Révision de texte
La réviseure a remis les corrections qu’elle a faites sur le manuscrit de Soleil en tête. Il y en a beaucoup. Or, l’adjointe à l’édition qui a la tâche de les entrer sur traitement de texte a suggéré que, peut-être, je préférerais y jeter un coup d’oeil. Mon directeur littéraire m’a proposé de venir faire un tour chez Septentrion pour regarder ça.
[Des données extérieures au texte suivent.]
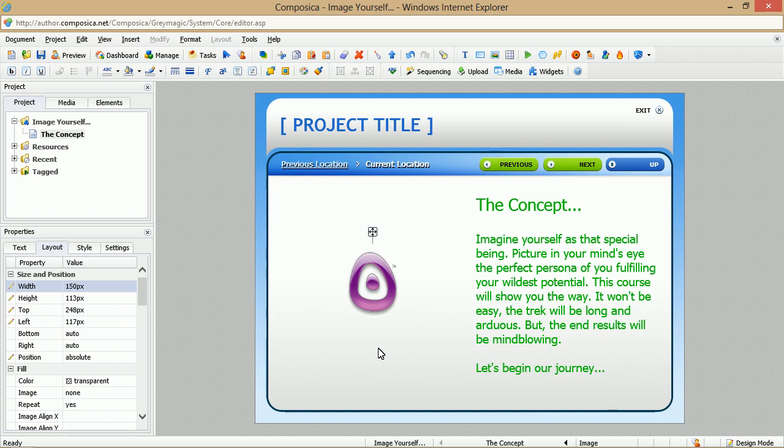Another thing you may want to do as you're updating your document pages is perhaps change out images but keep the same size. This is easily done.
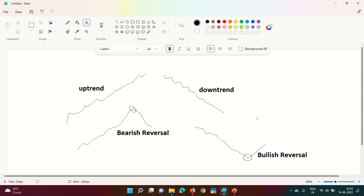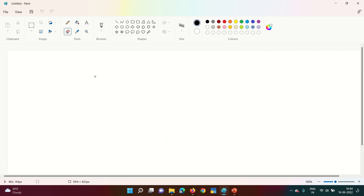Today we are going to talk about candlestick patterns. Personally, as a cost accountant and chartered global management accountant, I don't fully believe in technical analysis. I believe if the fundamentals of a company are strong, you should buy it; if not, ignore it. But many people also believe in technical analysis and use it to estimate the future trend of a stock. So without further ado, let's start with candlestick patterns.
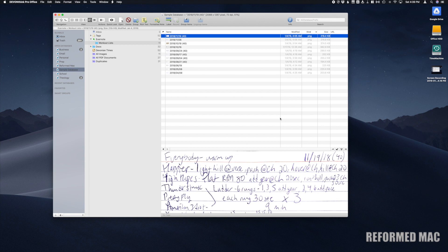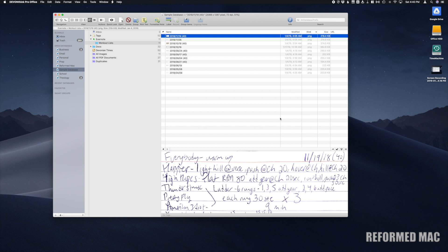Hey guys, Lincoln with the Reformed Mac here. In today's video, we are going to cover how to convert documents and images into PDFs so that we can then OCR them and search them with DevonThink. This is a pretty easy task, but it's not as straightforward as you might think, so we will go through the steps here and show you how it's done.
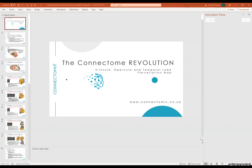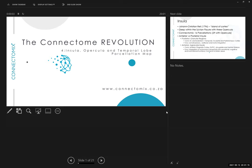Good evening everybody, thank you for joining us for our fourth session of the Connectome Revolution series. A reminder of basic housekeeping: save any questions for the end or type into the chat bar. All sessions are CPD accredited and we'll distribute this at the end of the series. Questions can be emailed to netcarelectureseries@netcare.co.za and all recordings are available on YouTube.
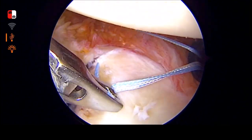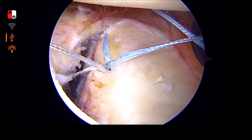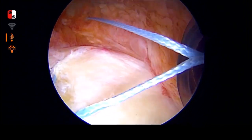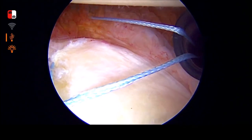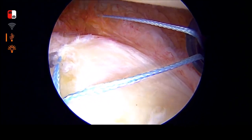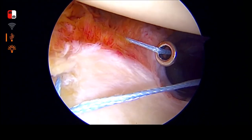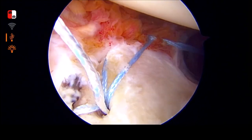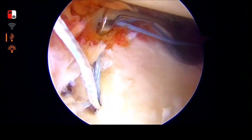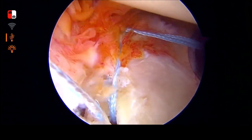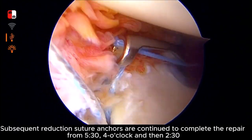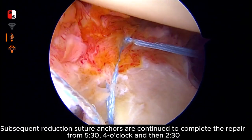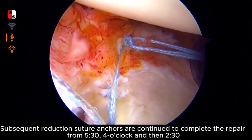Once all anchors have been placed, we proceed to tying down the Bony Bankart. Subsequent reduction suture anchors are continued to complete the repair from 5:30, 4 o'clock, and then 2:30.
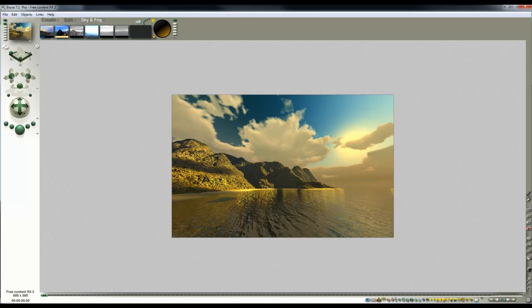All done and that's the end of the tutorial. I hope that's given you some ideas for using the spherical mapper and incorporating it in your own scenes.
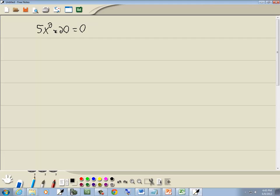The fact that we don't have the middle term here, there's not an x component, we could use the square root property. I could also factor this, but let's go ahead and use the square root property.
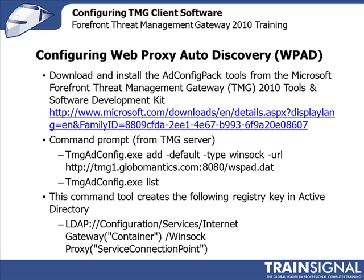What this actually does is create a registry key in Active Directory that you can see on your screen — it's a service connection point for Web Proxy information. So we're going to go over to the Threat Management Gateway system for GlobalMantics, download and install the ADConfigPack, and then run these commands to make sure that we get the Web Proxy auto-configuration in place.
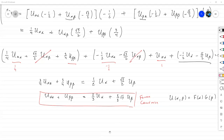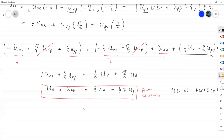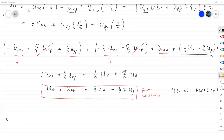El segundo ejemplo es la ecuación de la onda sin restricciones, que ya la hemos resuelto. Es U_TT menos c² U_XX igual a cero. Esta es la ecuación de onda unidimensional, donde c es una constante. Es una de las dos o tres ecuaciones específicas con aplicación que vamos a resolver durante la clase; la otra va a ser la ecuación del calor.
J’ai donc passé une heure et demie cet avant-midi chez mon éditeur pour travailler directement sur le manuscrit. On m’a fait un bon café (je suis toujours gâtée!) et je me suis installée, tranquille, dans le fourmillement de la maison d’édition. J’ai rapidement passé le texte en revue.
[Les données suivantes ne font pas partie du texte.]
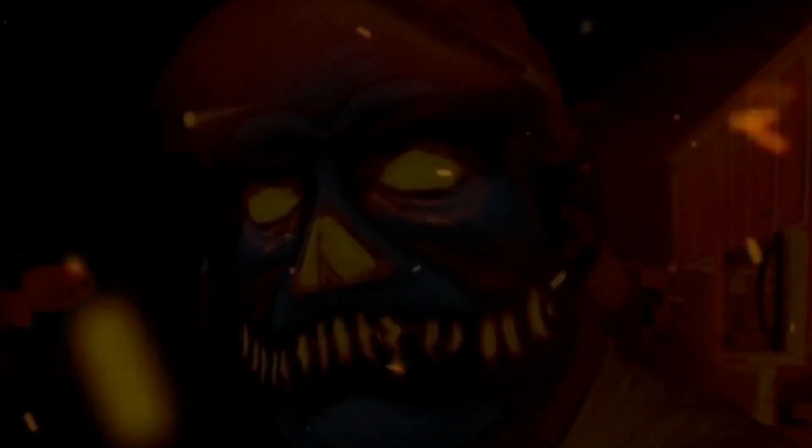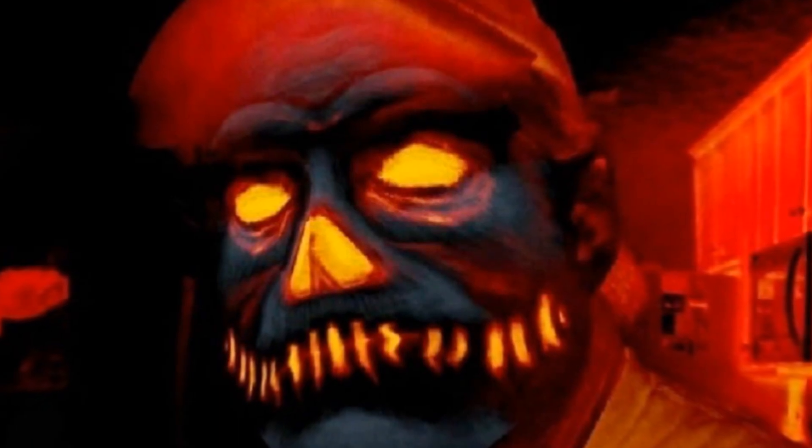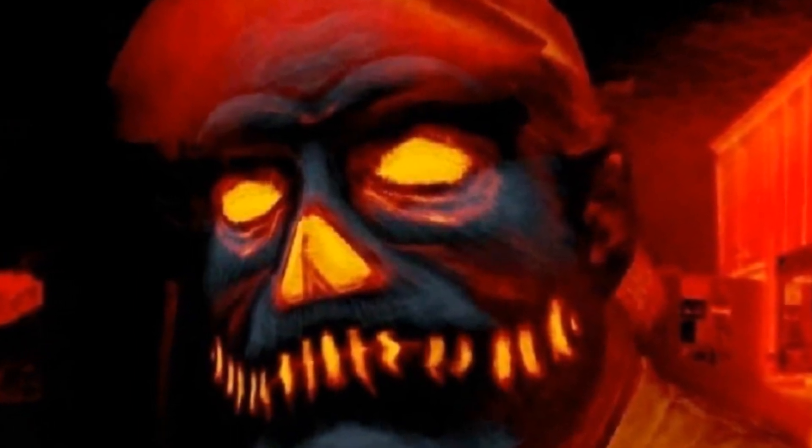Must be the season of the witch, must be the season of the witch. Yeah, yeah. Thank you. Thank you.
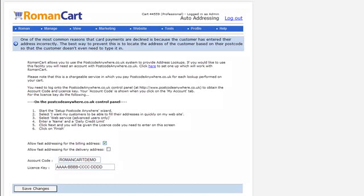One of the biggest problems facing merchants is where the customer enters their billing or their delivery address incorrectly. At the most obvious level, this is a problem because if they enter an invalid delivery address you might end up shipping goods out to an address that simply doesn't exist, which is going to cost you money and waste a lot of time.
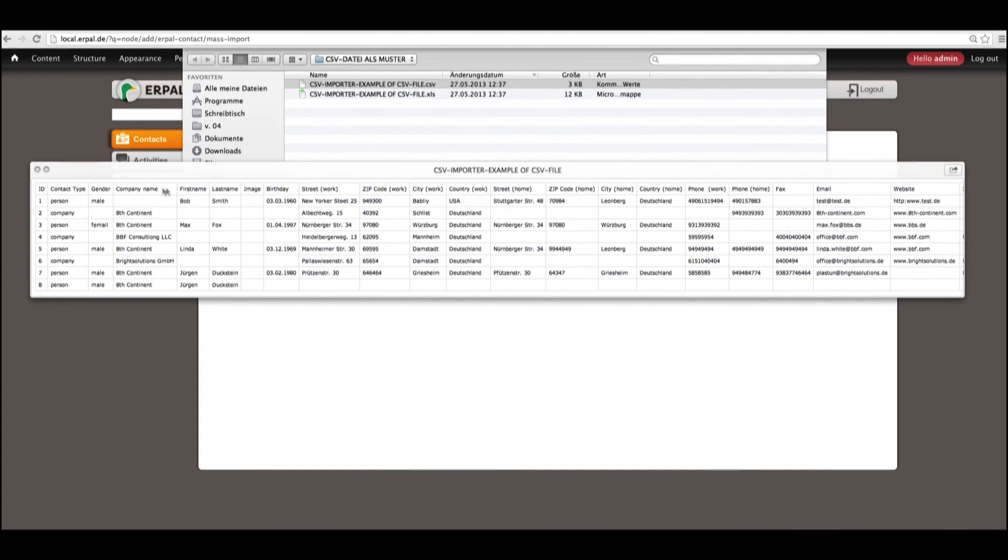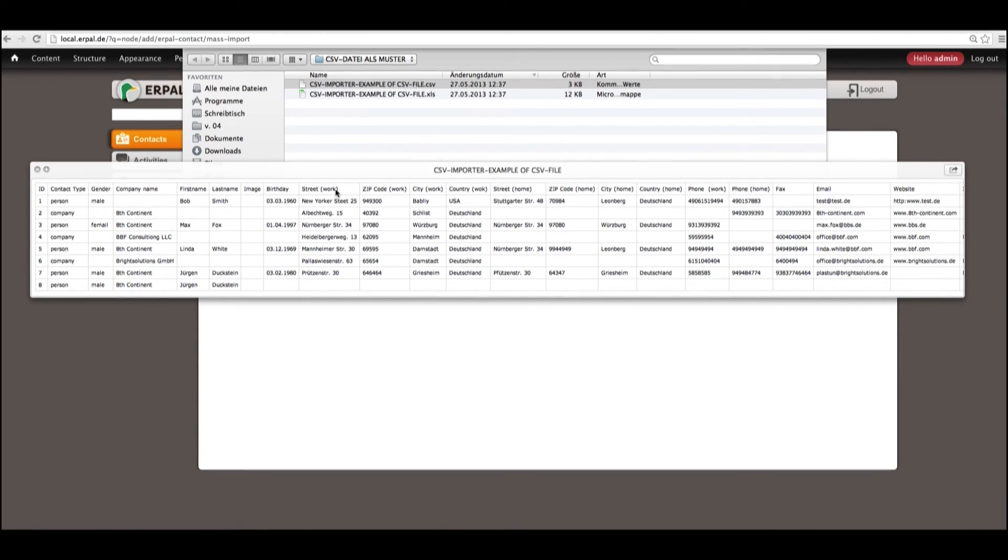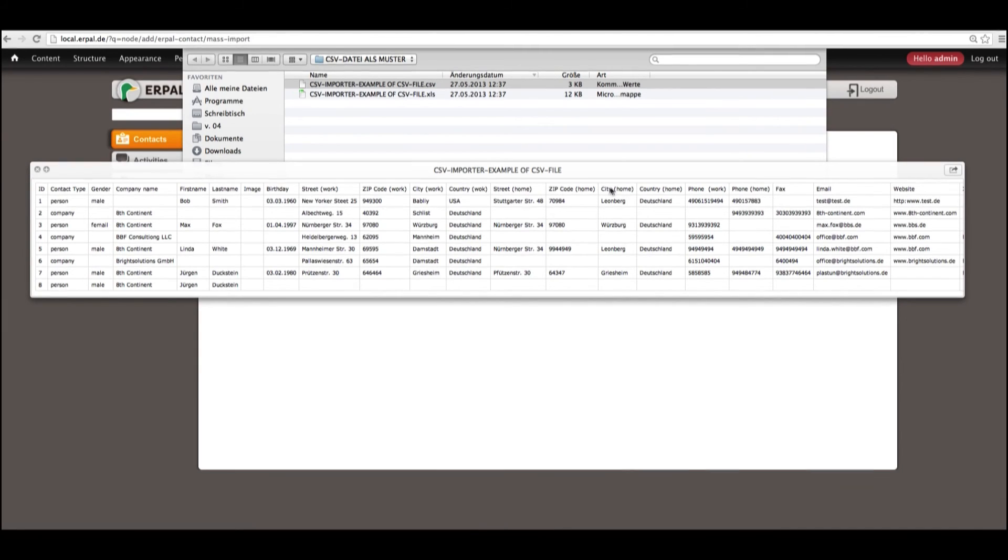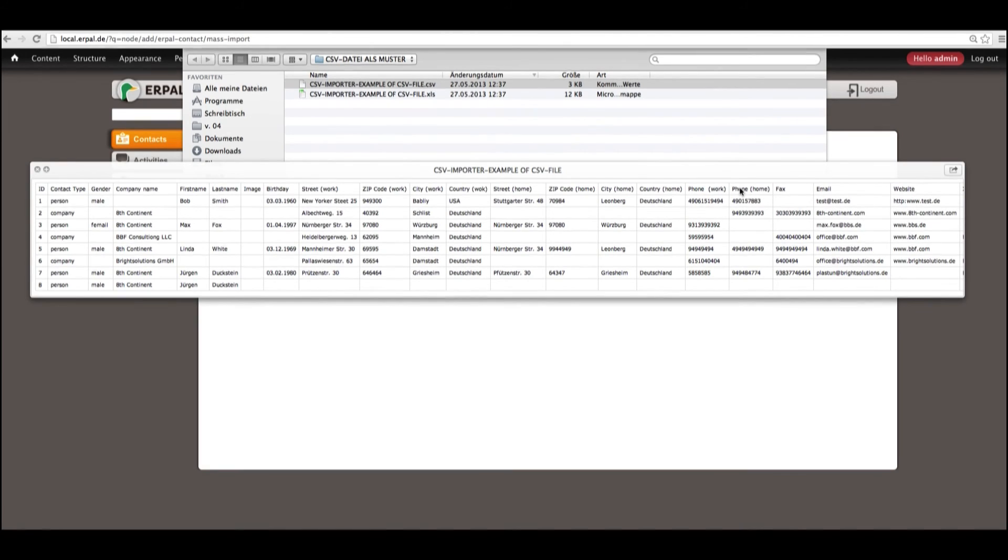Furthermore, we have first and last name, images, birthday, street in terms of working address. And we also have street and further more details for private address, as well as country. One phone number for work and one phone number for home is allowed in this case, as well as fax, email and website.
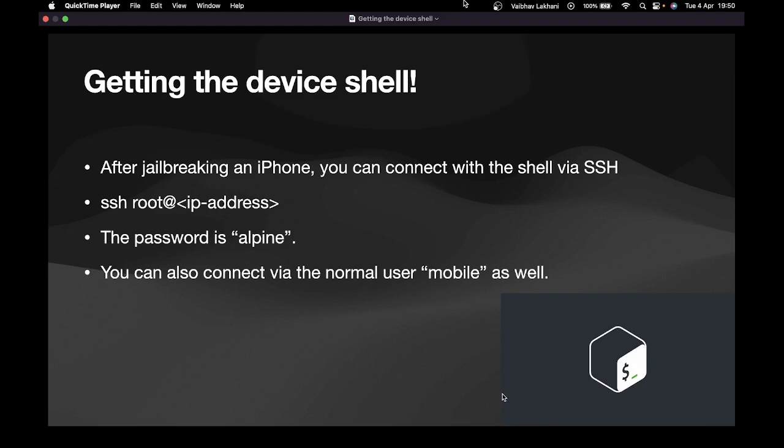Please make sure that your laptop and your iOS device should be on the same network. If it's not on the same network, you won't be able to SSH into the iOS device. So there are two ways of SSH-ing into the device.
Il y avait beaucoup d’annotations. C’est fou ce qu’on laisse passer, même après plusieurs lectures! Des virgules manquantes, des espaces en trop. Ici on me propose une reformulation plus adéquate là des suggestions pour éviter des répétitions. Ailleurs, l’omission de mots (l’anniversaire de mère... «ma» avait été oublié!). Des mots anglais mis entre guillemets qui doivent plutôt être mis en italique. Mes phrases courtes, de quelques mots, ont souvent été rallongées en changeant le point par une virgule. Ça fait un style un peu plus coulant, c’est vrai. Moins «moi». Mais ce n’est pas dénaturer le texte non plus que d’accepter ces propositions. À mon humble avis, il gagne d’avoir été passé au filtre de la réviseure.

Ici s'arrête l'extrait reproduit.